Looking for Something to Do? Hershey’s YMCA
Providing opportunities for recreation and continuing education has always been an important part of the Hershey community. Today those opportunities are provided by a number of organizations, including the Hershey Public Library, Derry Township Parks and Recreation, The M.S. Hershey Foundation and community groups such as the Hershey Figure Skating Club, Hershey Symphony Orchestra and the Hershey Community Chorus, just to name a few.
Milton Hershey knew that in order for his new community to thrive, the workers and residents needed opportunities to exercise their bodies and their minds when they were not at work or school. He encouraged residents to establish a variety of clubs and organizations to provide those opportunities.
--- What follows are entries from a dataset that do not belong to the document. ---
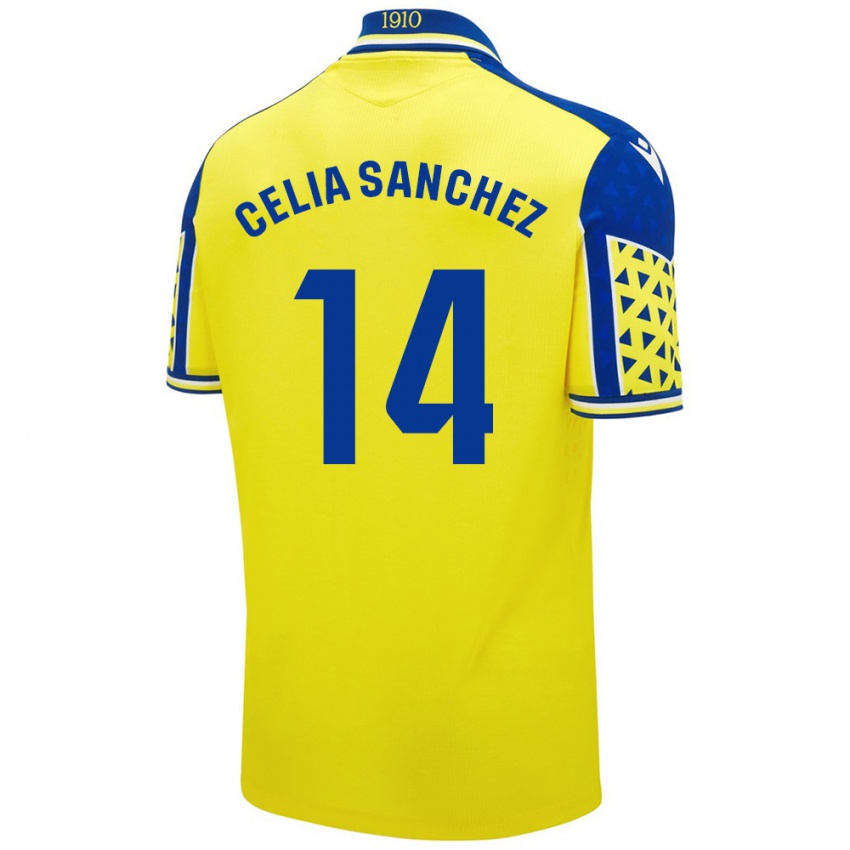 Criança Camisola Celia Sánchez García #14 Azul Amarelo Principal 2024/25 Camisa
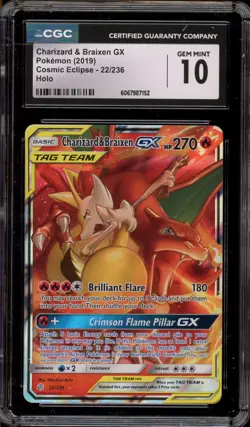 Pokemon Charizard & Braixen GX Cosmic Eclipse Holo Ultra Rare #22 CGC 10 - Image 1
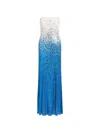 Jenny Packham Marle Saint Sequin Embellished Strapless Maxi Dress In Blue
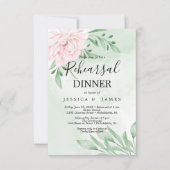 ピンクのローズユーカリ多肉性リハーサルディナー 招待状 (正面)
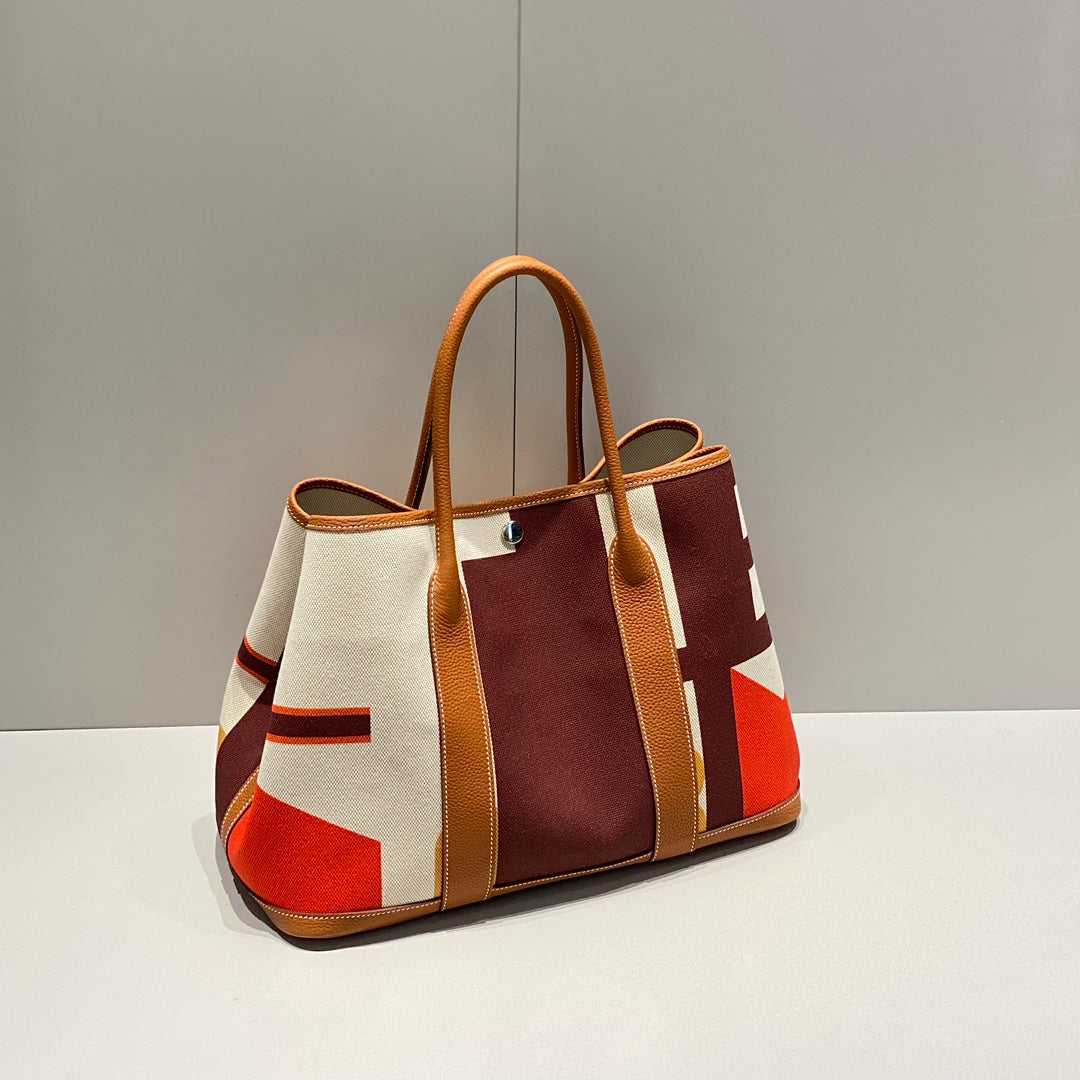 HM GARDEN PARTY 36 MULTICOLOR CANVAS AND NEGONDA CALFSKIN 243400
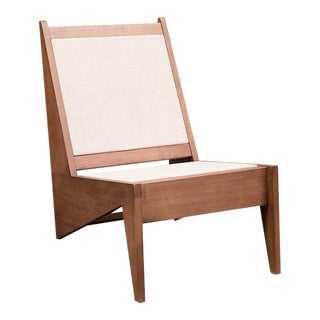 Vesta Hugo Walnut and Linen Lounge Chair For Sale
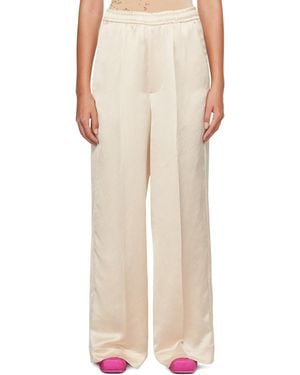 MM6 by Maison Margiela Pleated Straight Casual Trousers - Natural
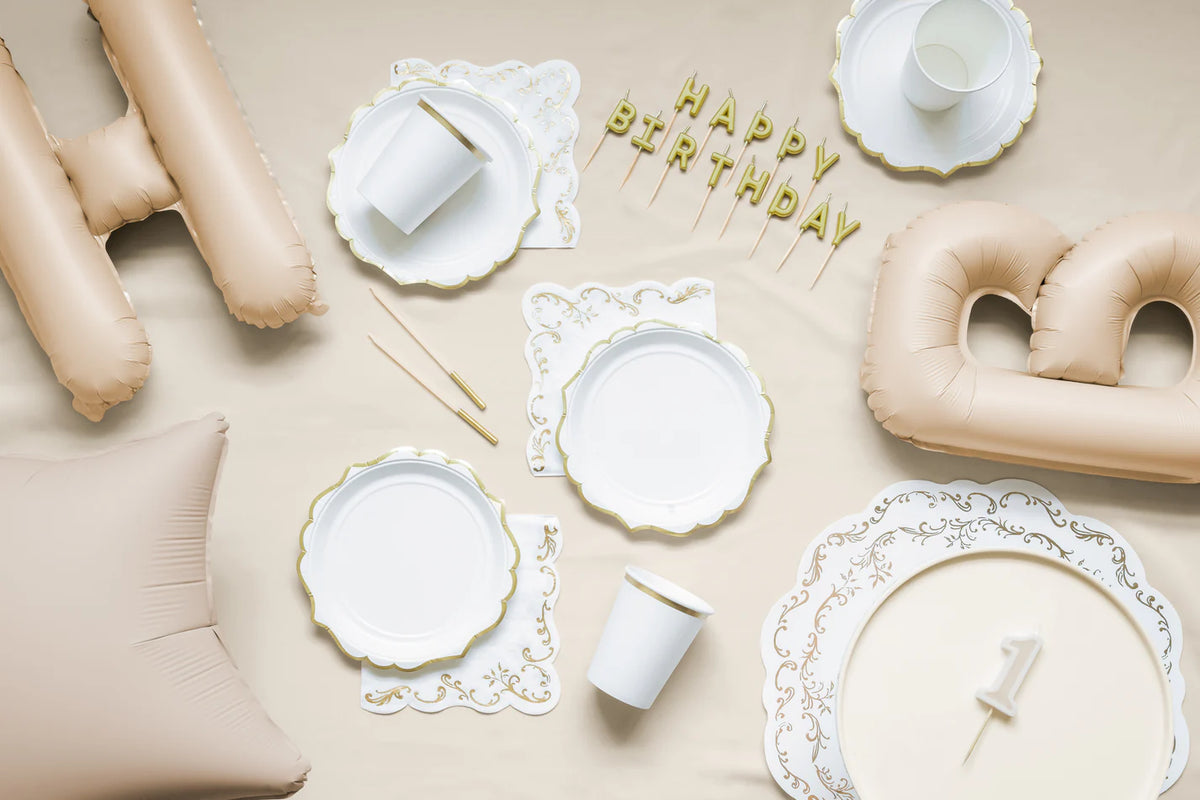 White &amp; Gold Placemats Set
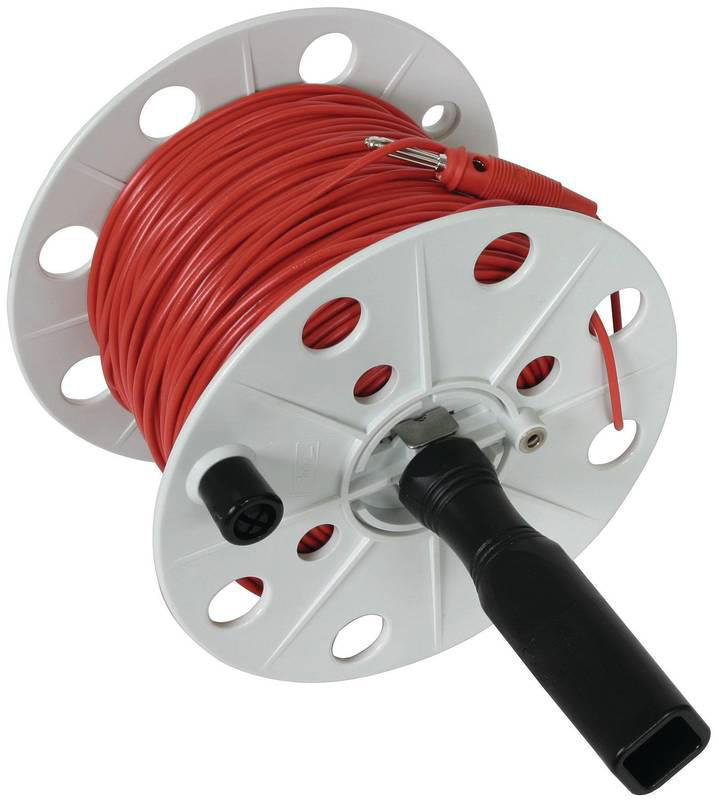 Drahthaspel K-grau B 80mm m. Buchse u. 100m Litze 0,75mm*2 rot m. Bananenstecker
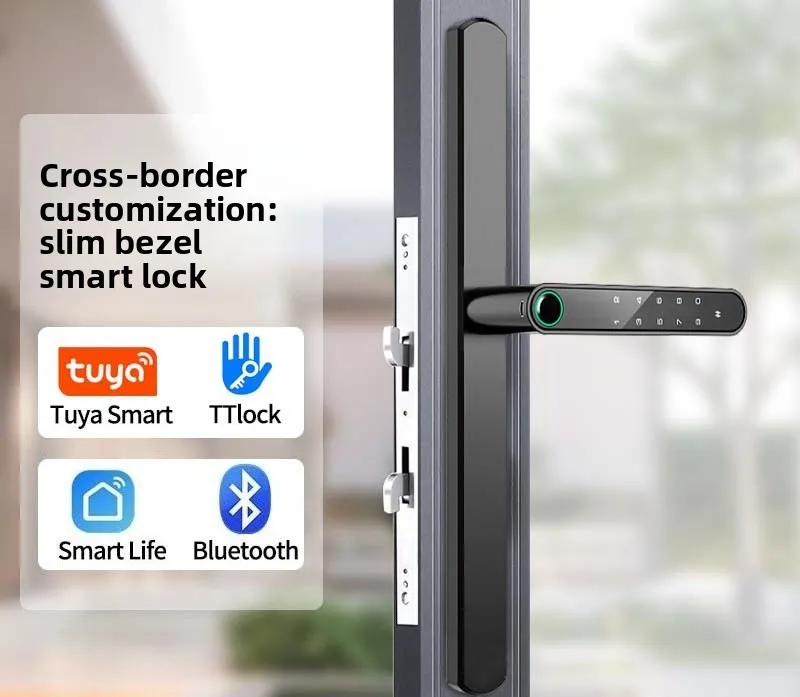 Tuya Waterproof Broken Bridge Aluminum Fingerprint Lock Narrow Side Door Double-sided Smart Password Lock
Tuya Waterproof Broken Bridge Aluminum Fingerprint Lock Narrow Side Door Double-sided Smart Password Lock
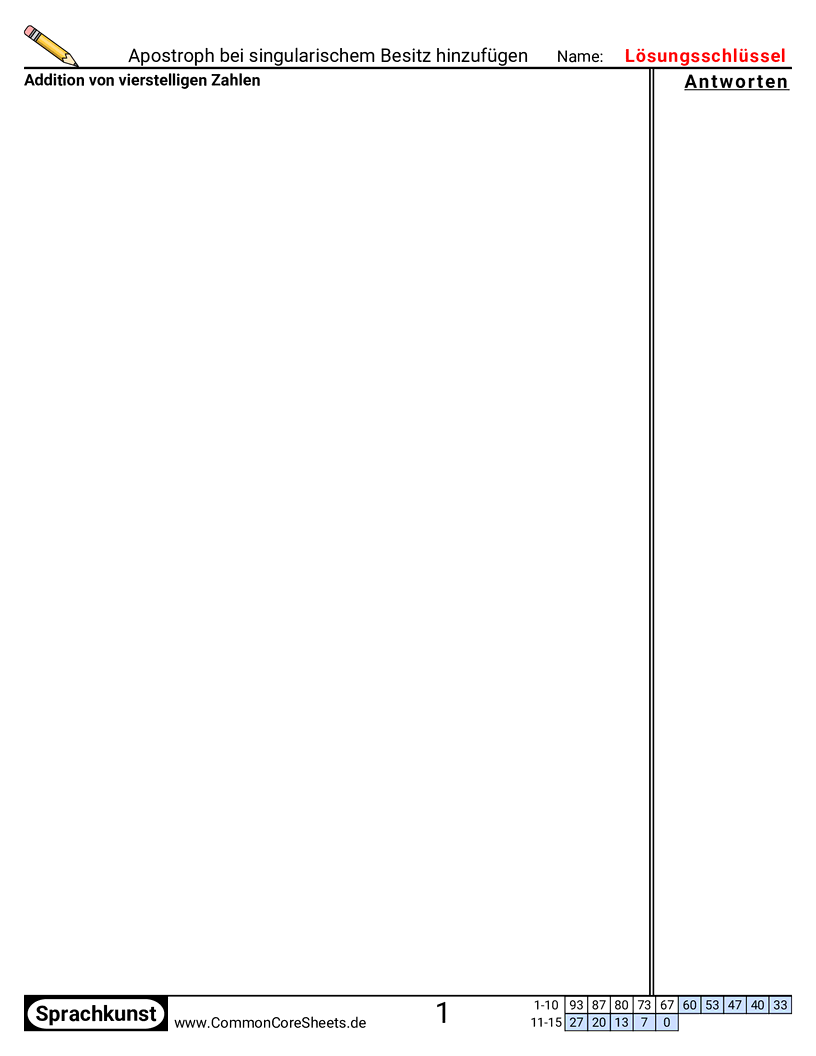  - Apostroph bei Singular-Genitiv setzen worksheet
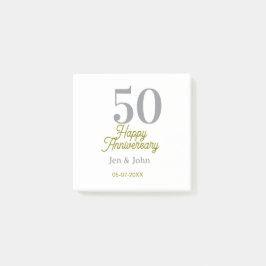 Bloco De Notas 50º feliz aniversário nome data prata ouro data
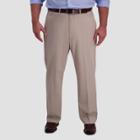 Haggar Men's Big & Tall Premium No Iron Classic Fit Flat Front Casual Pants - Sand 44x29,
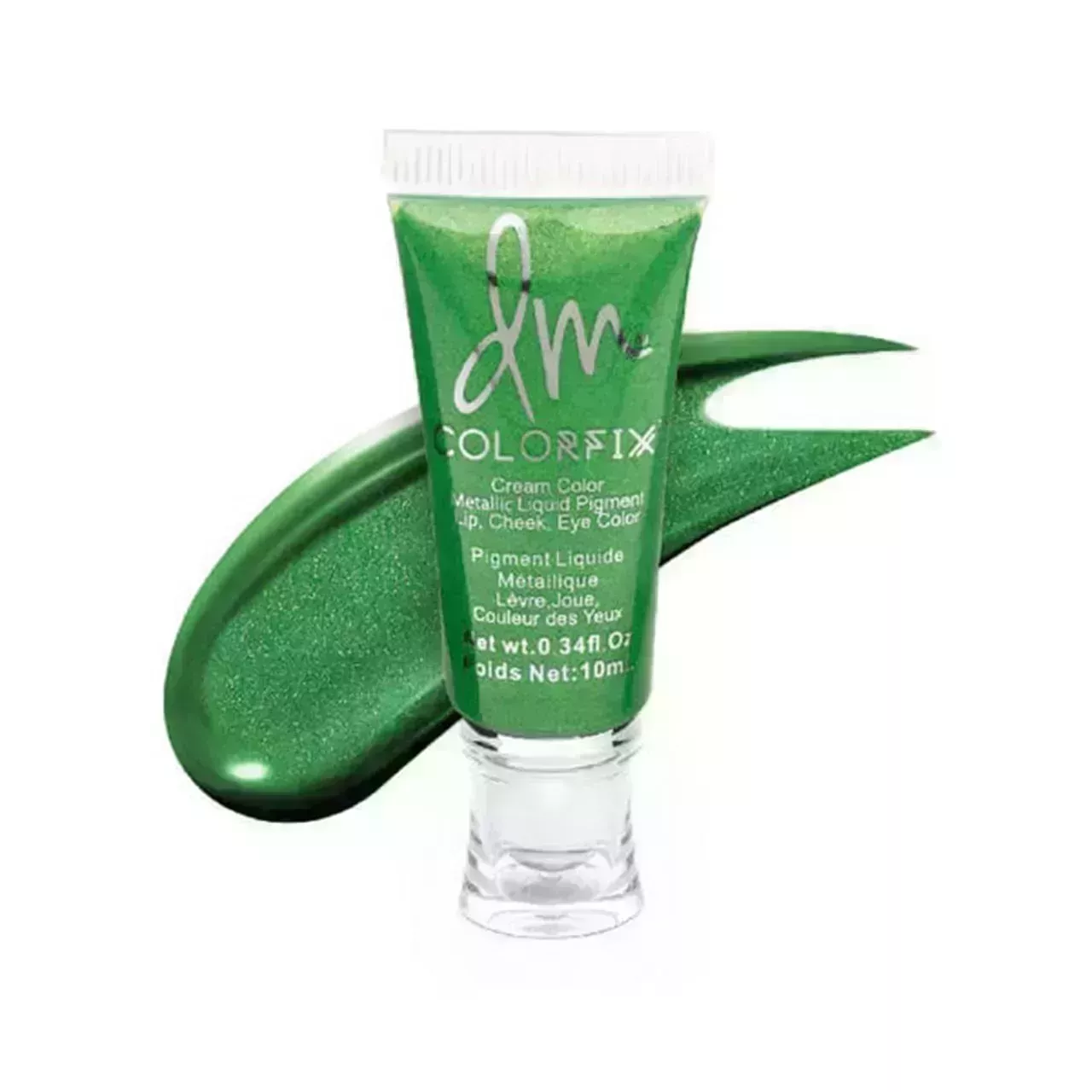 Danessa Myricks Metallic Colorfix in shimmery shamrock green shade Limesickle with swatch of the pigment on white background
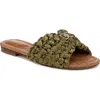 Sam Edelman Bridget Slide Sandal Moss Green Ribbon In Wild Moss
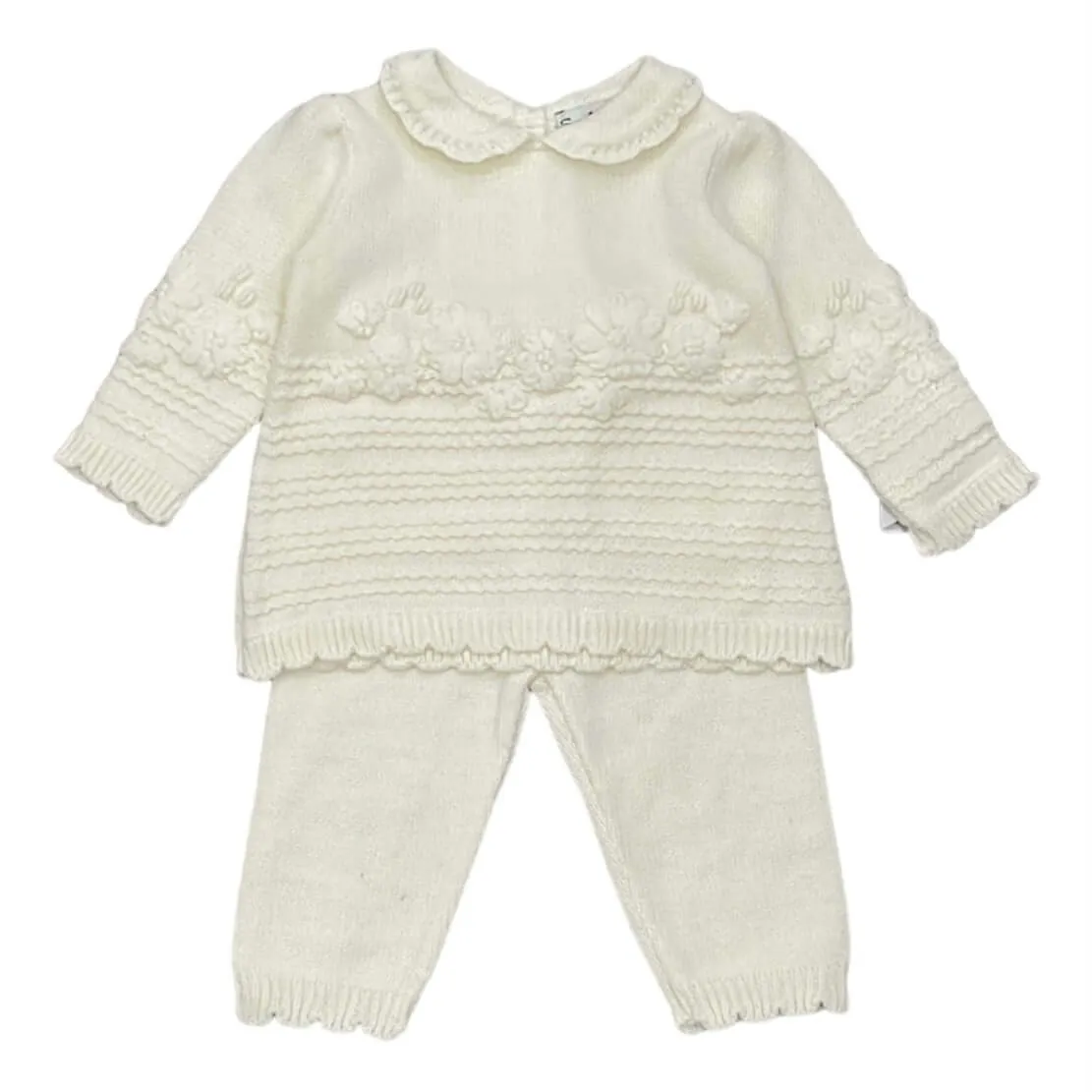 Ensemble tricoté ivoire 2 pièces pour bébé fille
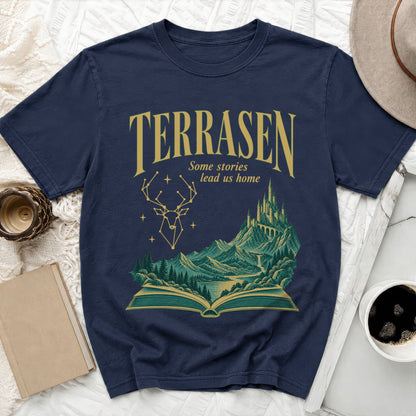Navy t-shirt with Terrasen, constellation, and castle artwork.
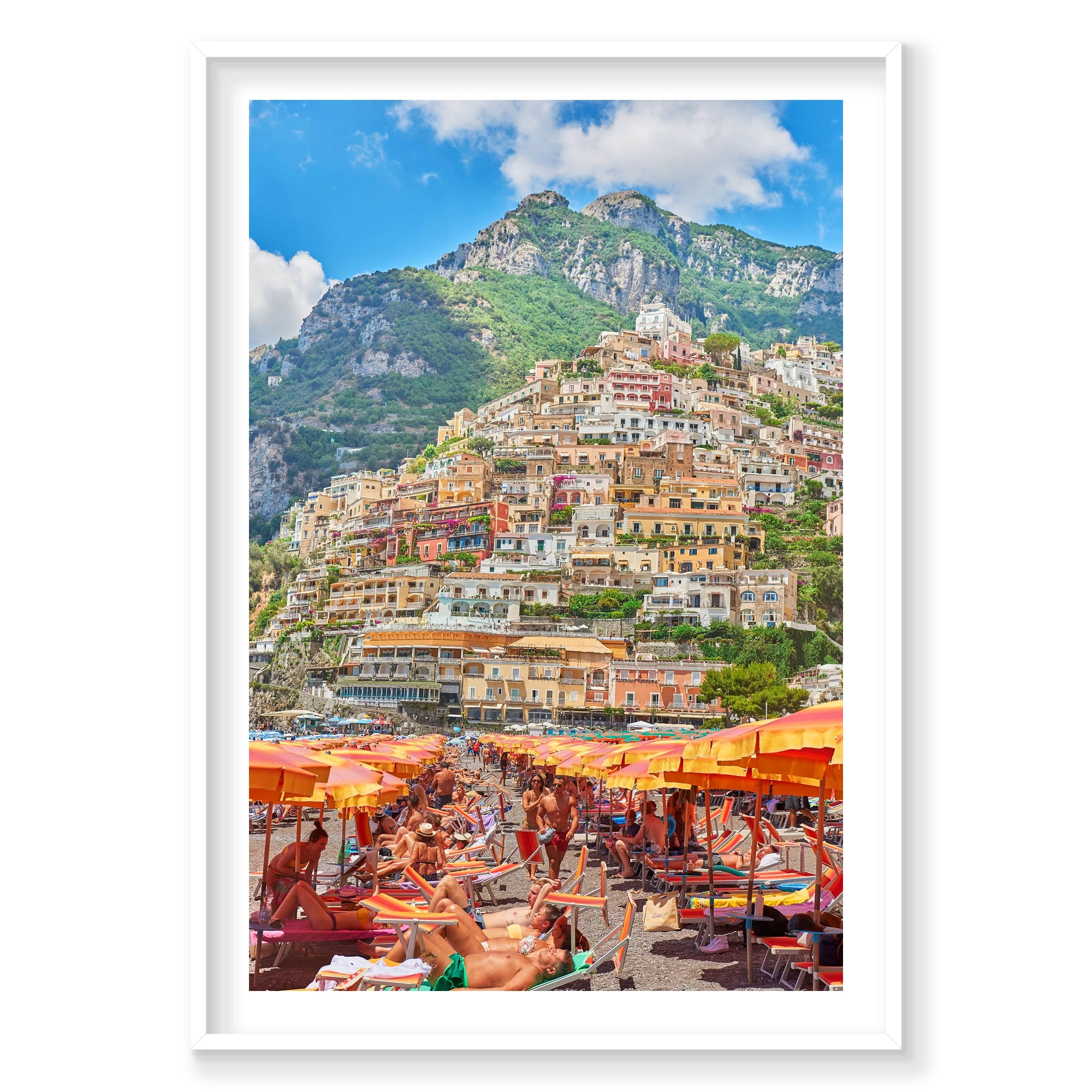 Positano Beach, Amalfi Coast, Vertical Print, white Victorian Ash frame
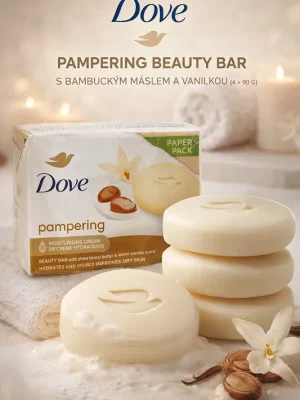Dove Pampering Beauty Bar – hydratační mýdlo s bambuckým máslem a vanilkou (4 ks) Cenový Hit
The Young Men’s Christian Association began in the mid-19th century as a reaction to the challenges young single men living apart from their families faced. By the turn of the 20th century, the YMCA had grown into an organization that offered men, single and married, a variety of programs to nurture their bodies and their minds. In addition, most YMCAs offered lodging, continuing education courses and reading rooms.
Hershey was only a few years old when plans to establish a YMCA were announced The Hershey Press and its editor, C.S.Gee, were strong advocates for the new organization.
Editor Gee published almost weekly articles on the Press’ front page promoting the new organization. On December 17, 1909, a list of men in support of establishing a “Y” was published in the paper.
The “Y” was officially established on Tuesday, January 18, 1910. The Cocoa House was designated as its headquarters. Plans were soon announced that a new gymnasium and indoor swimming pool would be built behind the Cocoa House. Completed by the end of the year, the new addition enabled the YMCA to offer a wide range of services, including a variety of sports (teams and classes), a reading room, boarding rooms for single men. Since the Hershey Trust Company was also located in the building, the Cocoa House was a center for community activity.
While the Hershey Y.M.C.A. programs were popular locally, the club’s relations with the national organization became strained over time. By 1913, Hershey resented many of the national organization’s rules, including restrictions on who could vote and the minimum age for membership. Hershey decided to break its ties to the national organization and in October 1913, the “Y” was renamed the Hershey Men’s Club.